Second, I'm meaning to stress the vice versa aspect of the priesthood: that the priest represents the Church before God. Herein, isn't the priest essentially given over to what the RC church (not to mention Scripture) has deemed an essentially female (be it Mary, bride of Christ, etc.) identity? Ideally then, should priests be male when facing the congregation and female when facing the altar?

Abu Daoud,

Thanks for the clarification re: Western/Eastern. It'd be interesting--although a red herring--to pursue the Catholic/Orthodox thing further, as each (rightly, in my understanding) claims legitimate apostolic succession (which I'm still not bought into). What, then, is our evaluative criteria?

"I am saying that there is more to this that true Holy Orders, sacrmental priesthood. It is not just about having rights and obligations within a part of society. It IS ontological, it IS NOT just phenomenal, pragmatic, anthropological, or cultural." I am already persuaded down these lines. What I don't yet understand is why this necessarily means all priests have to be male.

Peace, brothers.

P

E. Twist said...

Pat,

"Yes, I unreservedly do conflate my Christian identity with the ethical obligations (fruits/obedience) thereof, ala John 14:15, 21, 23; Mt 3:8, 10; 7:17-20; etc., etc. Or rather, I would say that they are inextricably linked."

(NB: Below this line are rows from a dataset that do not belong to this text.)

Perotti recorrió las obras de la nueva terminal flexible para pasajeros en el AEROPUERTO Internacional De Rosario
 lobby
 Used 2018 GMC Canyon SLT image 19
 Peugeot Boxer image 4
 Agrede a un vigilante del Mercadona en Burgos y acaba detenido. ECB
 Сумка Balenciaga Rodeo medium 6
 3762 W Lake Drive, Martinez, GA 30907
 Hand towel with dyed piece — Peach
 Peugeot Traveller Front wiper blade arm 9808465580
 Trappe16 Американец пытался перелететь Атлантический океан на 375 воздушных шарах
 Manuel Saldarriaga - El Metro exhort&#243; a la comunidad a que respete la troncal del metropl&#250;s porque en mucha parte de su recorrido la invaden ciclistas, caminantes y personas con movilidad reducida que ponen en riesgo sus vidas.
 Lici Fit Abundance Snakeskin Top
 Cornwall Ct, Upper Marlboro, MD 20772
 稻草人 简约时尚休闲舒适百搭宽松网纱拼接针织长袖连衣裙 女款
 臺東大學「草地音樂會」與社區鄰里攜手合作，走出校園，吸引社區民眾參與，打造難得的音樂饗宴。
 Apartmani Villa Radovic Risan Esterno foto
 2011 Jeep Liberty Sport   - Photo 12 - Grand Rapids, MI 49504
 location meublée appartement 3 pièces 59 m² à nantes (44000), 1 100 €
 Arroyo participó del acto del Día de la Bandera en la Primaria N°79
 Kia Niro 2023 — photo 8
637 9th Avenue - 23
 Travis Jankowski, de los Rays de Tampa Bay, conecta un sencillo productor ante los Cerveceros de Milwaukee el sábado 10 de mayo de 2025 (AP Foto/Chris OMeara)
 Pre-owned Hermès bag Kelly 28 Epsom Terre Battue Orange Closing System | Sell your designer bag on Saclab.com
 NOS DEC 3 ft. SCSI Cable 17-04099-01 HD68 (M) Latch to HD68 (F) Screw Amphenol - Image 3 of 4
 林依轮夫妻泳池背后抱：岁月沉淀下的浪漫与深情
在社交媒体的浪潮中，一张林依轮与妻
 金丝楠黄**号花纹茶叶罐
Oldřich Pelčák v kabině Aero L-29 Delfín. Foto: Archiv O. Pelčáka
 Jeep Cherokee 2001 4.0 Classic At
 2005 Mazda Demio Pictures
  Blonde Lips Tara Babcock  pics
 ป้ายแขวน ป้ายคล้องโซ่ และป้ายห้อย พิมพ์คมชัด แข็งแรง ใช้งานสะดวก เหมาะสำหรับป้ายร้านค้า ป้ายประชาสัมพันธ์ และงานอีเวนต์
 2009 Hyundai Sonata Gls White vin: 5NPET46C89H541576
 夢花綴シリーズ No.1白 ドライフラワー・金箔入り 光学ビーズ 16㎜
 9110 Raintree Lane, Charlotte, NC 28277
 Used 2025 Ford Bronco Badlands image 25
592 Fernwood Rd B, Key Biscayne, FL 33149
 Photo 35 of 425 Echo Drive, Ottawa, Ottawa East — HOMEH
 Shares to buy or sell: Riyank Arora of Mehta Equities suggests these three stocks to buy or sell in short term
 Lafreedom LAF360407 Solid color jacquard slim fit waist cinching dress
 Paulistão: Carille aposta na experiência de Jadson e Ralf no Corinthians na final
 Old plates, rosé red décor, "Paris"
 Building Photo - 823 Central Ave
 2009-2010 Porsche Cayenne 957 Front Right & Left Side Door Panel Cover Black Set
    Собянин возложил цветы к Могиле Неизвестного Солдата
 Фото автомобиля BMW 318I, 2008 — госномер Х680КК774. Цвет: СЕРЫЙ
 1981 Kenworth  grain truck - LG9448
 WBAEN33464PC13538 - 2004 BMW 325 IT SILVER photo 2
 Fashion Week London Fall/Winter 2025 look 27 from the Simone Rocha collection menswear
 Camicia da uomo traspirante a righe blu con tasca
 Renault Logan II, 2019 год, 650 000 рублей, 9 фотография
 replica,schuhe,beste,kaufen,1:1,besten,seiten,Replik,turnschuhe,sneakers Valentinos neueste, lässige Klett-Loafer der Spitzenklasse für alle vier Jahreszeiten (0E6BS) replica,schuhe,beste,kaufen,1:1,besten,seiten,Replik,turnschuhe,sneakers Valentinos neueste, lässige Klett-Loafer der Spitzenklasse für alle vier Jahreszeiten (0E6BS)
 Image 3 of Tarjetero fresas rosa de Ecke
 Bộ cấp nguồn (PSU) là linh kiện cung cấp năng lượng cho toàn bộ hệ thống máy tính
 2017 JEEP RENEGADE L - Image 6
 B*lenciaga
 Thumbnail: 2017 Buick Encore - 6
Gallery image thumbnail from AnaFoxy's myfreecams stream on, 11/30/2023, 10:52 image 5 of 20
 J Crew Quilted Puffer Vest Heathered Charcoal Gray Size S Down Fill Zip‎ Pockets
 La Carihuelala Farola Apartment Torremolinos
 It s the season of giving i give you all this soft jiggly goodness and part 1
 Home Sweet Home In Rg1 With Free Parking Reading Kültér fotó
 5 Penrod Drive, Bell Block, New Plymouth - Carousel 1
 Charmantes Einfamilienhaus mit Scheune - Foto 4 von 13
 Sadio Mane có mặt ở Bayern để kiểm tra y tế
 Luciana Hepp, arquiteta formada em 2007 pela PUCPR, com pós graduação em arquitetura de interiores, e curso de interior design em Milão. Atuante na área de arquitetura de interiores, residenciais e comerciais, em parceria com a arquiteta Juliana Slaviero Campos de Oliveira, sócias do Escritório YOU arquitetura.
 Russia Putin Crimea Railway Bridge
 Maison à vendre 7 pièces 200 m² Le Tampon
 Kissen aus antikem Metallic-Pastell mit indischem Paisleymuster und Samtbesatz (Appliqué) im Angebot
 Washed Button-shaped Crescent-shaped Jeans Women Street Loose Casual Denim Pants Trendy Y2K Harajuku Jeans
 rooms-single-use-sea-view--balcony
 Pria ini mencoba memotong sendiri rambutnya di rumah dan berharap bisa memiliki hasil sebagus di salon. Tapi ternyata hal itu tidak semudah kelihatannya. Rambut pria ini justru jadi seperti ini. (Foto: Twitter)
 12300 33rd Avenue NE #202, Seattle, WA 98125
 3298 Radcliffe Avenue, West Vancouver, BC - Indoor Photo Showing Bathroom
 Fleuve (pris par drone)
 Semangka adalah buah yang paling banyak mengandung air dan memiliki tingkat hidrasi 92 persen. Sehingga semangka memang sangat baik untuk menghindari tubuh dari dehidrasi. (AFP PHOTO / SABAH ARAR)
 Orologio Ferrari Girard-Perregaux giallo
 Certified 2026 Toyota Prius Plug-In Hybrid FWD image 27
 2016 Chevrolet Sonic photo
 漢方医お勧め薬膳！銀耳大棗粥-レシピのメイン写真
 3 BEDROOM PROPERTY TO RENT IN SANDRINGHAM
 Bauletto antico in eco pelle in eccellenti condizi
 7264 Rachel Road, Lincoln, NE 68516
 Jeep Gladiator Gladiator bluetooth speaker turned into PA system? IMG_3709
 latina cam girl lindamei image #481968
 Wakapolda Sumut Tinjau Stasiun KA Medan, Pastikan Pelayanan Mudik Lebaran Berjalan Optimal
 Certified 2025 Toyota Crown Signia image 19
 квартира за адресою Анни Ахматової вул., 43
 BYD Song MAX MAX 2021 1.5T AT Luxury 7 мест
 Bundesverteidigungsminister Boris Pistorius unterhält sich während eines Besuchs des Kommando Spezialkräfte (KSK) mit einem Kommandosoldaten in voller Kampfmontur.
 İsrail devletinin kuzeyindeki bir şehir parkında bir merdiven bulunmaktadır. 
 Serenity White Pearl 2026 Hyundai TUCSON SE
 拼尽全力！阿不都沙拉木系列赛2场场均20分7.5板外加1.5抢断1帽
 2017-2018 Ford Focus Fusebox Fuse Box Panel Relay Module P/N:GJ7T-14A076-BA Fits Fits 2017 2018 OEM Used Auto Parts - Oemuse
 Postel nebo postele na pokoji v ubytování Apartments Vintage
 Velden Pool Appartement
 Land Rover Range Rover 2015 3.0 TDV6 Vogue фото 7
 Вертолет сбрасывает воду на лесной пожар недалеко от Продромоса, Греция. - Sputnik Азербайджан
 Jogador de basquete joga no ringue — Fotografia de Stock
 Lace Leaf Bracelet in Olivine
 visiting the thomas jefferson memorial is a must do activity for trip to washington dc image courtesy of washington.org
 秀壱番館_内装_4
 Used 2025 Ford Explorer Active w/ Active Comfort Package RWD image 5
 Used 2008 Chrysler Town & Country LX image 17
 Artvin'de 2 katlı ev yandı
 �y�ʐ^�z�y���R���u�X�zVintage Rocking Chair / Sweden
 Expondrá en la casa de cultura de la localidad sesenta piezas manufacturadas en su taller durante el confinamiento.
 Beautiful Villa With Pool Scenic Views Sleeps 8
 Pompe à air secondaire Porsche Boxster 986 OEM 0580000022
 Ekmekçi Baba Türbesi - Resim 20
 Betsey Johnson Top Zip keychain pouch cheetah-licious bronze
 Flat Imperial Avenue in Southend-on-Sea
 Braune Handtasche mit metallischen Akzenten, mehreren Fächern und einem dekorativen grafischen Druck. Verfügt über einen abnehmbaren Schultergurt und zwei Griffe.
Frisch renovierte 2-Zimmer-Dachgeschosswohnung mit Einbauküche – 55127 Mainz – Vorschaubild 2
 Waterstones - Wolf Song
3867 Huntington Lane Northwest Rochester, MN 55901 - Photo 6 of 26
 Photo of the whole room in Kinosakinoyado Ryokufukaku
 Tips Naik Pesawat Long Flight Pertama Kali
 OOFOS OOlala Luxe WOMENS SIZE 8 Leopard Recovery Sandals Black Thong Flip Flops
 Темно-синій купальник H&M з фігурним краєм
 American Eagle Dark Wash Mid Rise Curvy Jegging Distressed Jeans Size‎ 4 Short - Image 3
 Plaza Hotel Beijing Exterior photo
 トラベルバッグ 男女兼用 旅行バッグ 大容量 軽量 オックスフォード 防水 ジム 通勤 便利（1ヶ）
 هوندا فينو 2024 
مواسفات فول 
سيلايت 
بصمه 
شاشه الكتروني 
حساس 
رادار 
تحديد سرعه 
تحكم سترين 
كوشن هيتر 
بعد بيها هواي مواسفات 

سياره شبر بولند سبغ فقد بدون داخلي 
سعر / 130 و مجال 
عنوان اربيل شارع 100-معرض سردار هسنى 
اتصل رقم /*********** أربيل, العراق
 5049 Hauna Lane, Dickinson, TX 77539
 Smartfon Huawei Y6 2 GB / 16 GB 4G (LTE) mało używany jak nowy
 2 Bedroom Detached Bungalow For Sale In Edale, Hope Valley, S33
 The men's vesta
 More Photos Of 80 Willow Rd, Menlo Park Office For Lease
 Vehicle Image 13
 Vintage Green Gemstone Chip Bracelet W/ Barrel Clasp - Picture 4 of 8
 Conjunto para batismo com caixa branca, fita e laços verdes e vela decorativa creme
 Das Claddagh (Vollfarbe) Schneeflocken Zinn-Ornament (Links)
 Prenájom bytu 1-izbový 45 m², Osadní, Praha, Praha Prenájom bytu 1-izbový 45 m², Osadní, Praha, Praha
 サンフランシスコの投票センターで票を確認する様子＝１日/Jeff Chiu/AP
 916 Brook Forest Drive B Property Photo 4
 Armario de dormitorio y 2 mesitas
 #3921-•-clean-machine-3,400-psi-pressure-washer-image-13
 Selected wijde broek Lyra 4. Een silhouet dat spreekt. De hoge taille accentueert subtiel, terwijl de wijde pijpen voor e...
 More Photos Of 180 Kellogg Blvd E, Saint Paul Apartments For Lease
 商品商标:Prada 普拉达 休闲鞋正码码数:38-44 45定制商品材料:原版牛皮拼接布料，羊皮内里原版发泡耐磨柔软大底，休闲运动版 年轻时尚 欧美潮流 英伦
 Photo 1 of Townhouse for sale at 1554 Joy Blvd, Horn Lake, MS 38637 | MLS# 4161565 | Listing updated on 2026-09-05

You've done it again! Essentially your claim here is that John and Matthew understand works as the cause of Christian identity, rather than the necessary effect. I would, rather, be inclined to understand the link between identity and ethics as having gradations of involvement. Otherwise it seems that you are forced to hold the line that Carter and Mason aren't "Truly Christian" until they begin living a life in response to God's gift of grace at baptism. Certainly as they grow into maturity there are ethical expectations placed upon them, but these expectations are born from grace, they do not conceive grace. I don't think that is Calvinist...

Gotta run. Finish these thoughts later this afternoon...

Abu Daoud said...

Quick note:

>>This is Calvinism-esque predestination at its finest. If it does not continge on my acquiescence, then there's nothing I can do or say that will prevent me from being part of the family of God.

He is not saying anything about election, but about sacramental grace. Baptism incorporates you into the church.

>>What, then, is our evaluative criteria?

Surely this (at least): that where the Catholic and Orthodox agree we MUST agree.

If you mean though how do we decide which side is correct, that is (I think) an historical question. Who was wrong in the schism? Constantinople I think. (Now that is a long discussion...)

>>"[The priesthood] is not just about having rights and obligations within a part of society. It IS ontological, it IS NOT just phenomenal, pragmatic, anthropological, or cultural." I am already persuaded down these lines. What I don't yet understand is why this necessarily means all priests have to be male.

There are many answers, but the short ansswer is that this is what the Bible clearly teaches. How do we know what the Bible teaches? When there are differences in opinion we find that the unanimous catholic and orthodox (and Catholic and Orthodox) interpretation is this: only men can be priests/elders.

We cannot be catholic and interpret the Bible in any other way.

E. Twist said...

Well, we pretty much cleared it all up over an awesome Pizza Hut Buffet. I guess we can get back to the whole WO thing.